Thank you for the responses.It is like one minute I want "it" to go away and then I'm really annoyed with myself because "it" makes him who he is which is absolutely perfect.I wouldn't want to change one thing about him.I just hope other people are kind and understanding.I never thought I'd be in this situation and am really thrown.I suppose it has given me a whole load of new worries and I'm finding it difficult.I did get that book by Tony Atwood but so far it has just made me feel worse about the whole thing.I think that one side of me is still saying sure he's fine and will cope but parts of the book make me so sad when it says things like "I was on the outside looking in".Seems like such a lonely place and no one wants that for their child that they love more than anything.I also find myself getting annoyed when he goes on about his obsessions whereas before I would have just gone along with it.I don't want to treat him any differently because someone gave him a label.I just want to see him as I did before.My quirky little gifted boy not my son with Aspergers and this is causing me a big struggle with myself.I guess it will take time.

Yes it will definatly take time.
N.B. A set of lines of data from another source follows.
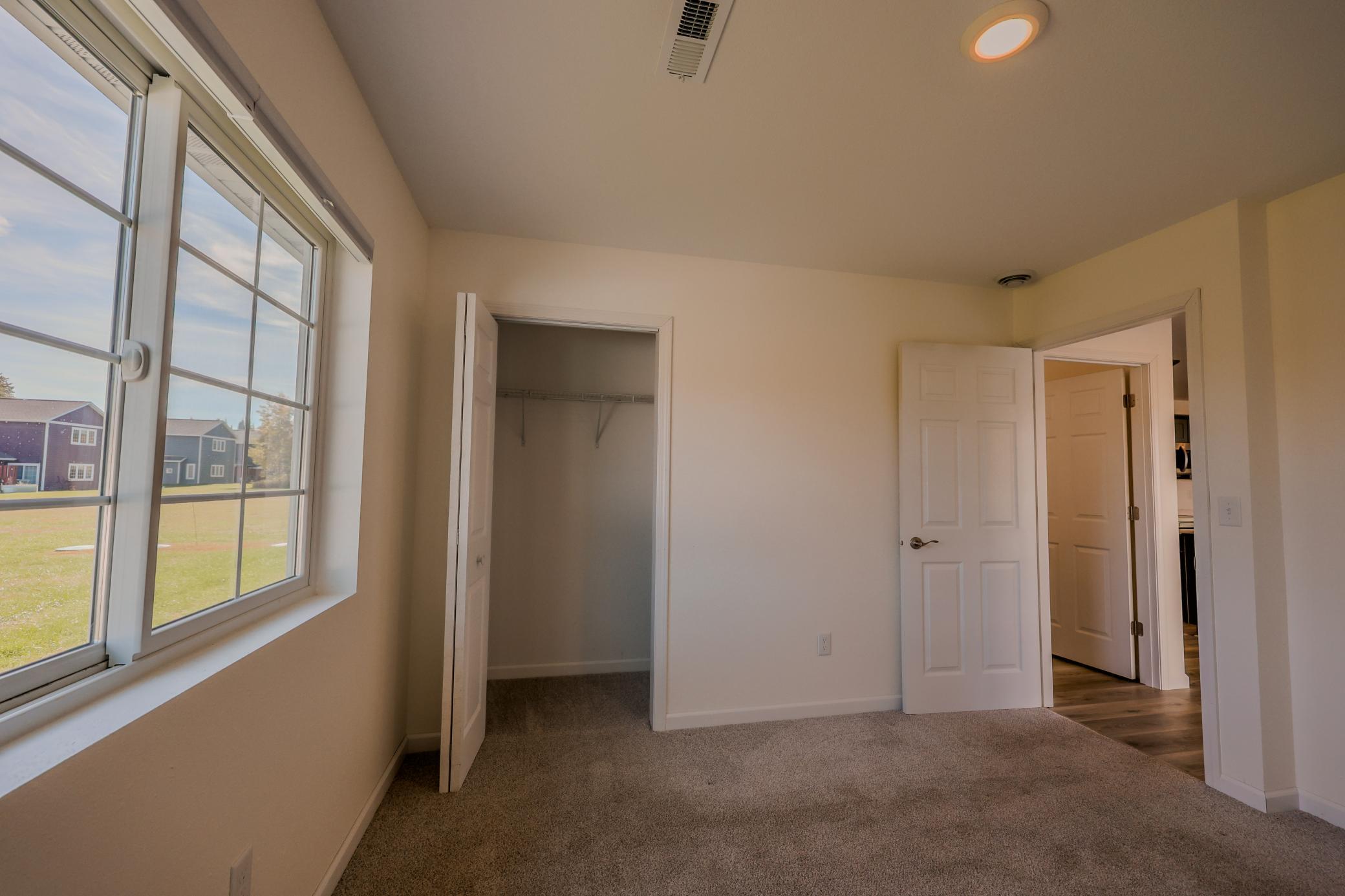 6809 Hamilton Park Nw 10 Property Photo 13
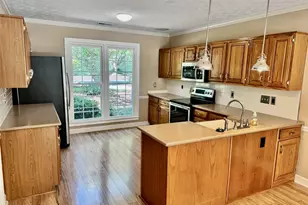 11860 Wexford Club Dr, Roswell, GA 30075 - Photo 7
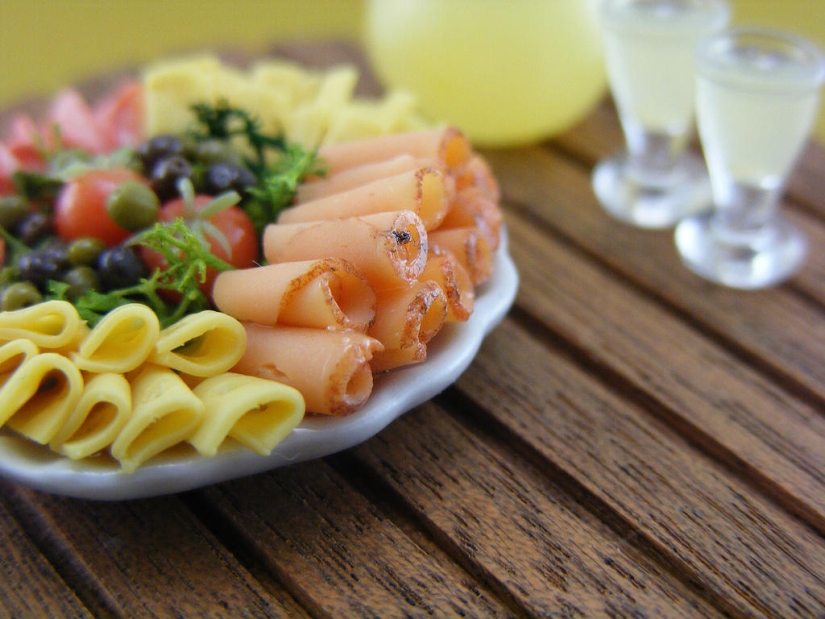 Appetizing miniatures from an Israeli master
It took a long time for me to get over the way us. I still feel like some days. But mostly now I see that what it was meant to be. It's who my boy is. I'm proud of him. He's got a harder life yes for sure but he's still happy.

Also it's totally ok to except it's no bed of roses. You don't have to be 100% about it 100% of the time. I'm not. But I'm happy

I feel like I am grieving for a life I / he won't be having now, and am overwhelmed by the amount of work ahead and worries for my boy. But I am also trying to read up lots on the positive aspects of a diagnosis and the happy fulfilled lives a lot of adults with AS lead. It seems to me an early -ish diagnosis and early support and help will help facilitate this happening.

It all seems very isolating and exhausting, do you have lots of support in real life?

I worded that first sentence badly, I don't mean he won't have a life, just that it may be very different to the one I was expecting.

I think even when the dx is expected, it's still a shock and you need to take time to get your head around it.

I asked an ASD speaker if they could change and be mainstream, would they?

'Goodness No' came the reply. 'How could I write a book in 24 hours, or just gaze at an object for what turns out to be hours without having once to wonder what the time is?'

I am a wheelchair user and wouldn't change a thing. Really. Really really.

And my dx has sn and also says he wouldn't change it - it made him more determined.

Forget the label - it has its place, but not as a box for you to put dc in, just as a tool to help work out what might help him navigate through a mainstream world.

Good luck

My dd is very nearly 7 and also just diagnosed with Asperger's. It's been a long time coming, and we have a lot of problems because of it, and being fobbed off over the years. I felt pure relief when we got our diagnosis, but that's because of our battle. I can imagine if you don't have the battles then it would feel different.

Personally we haven't told her that there is anything wrong/different with her. Tbh I suspect she thinks there might be, and she notices differences anyway because she also has Hypermobility. We haven't felt the need to tell her yet, but we aren't deliberately not telling her, if that makes any sense! It's just not been necessary.

We've got more meetings with the consultant clinical Pyschologist in March, so maybe it will come up then.

My hubby has also just been diagnosed with Aspergers too, so I'm struggling with being the odd one out and where this leaves me in all of it. There seems to be support for them having it, but I'm struggling to find support for me, dealing with the fall out of their issues?!

At school the only thing that is really apparent at the moment is the social side and the lack of awareness of natural social cues, ways things happen etc. we've been told to expect things to become more prevalent around 10/11/12 years old.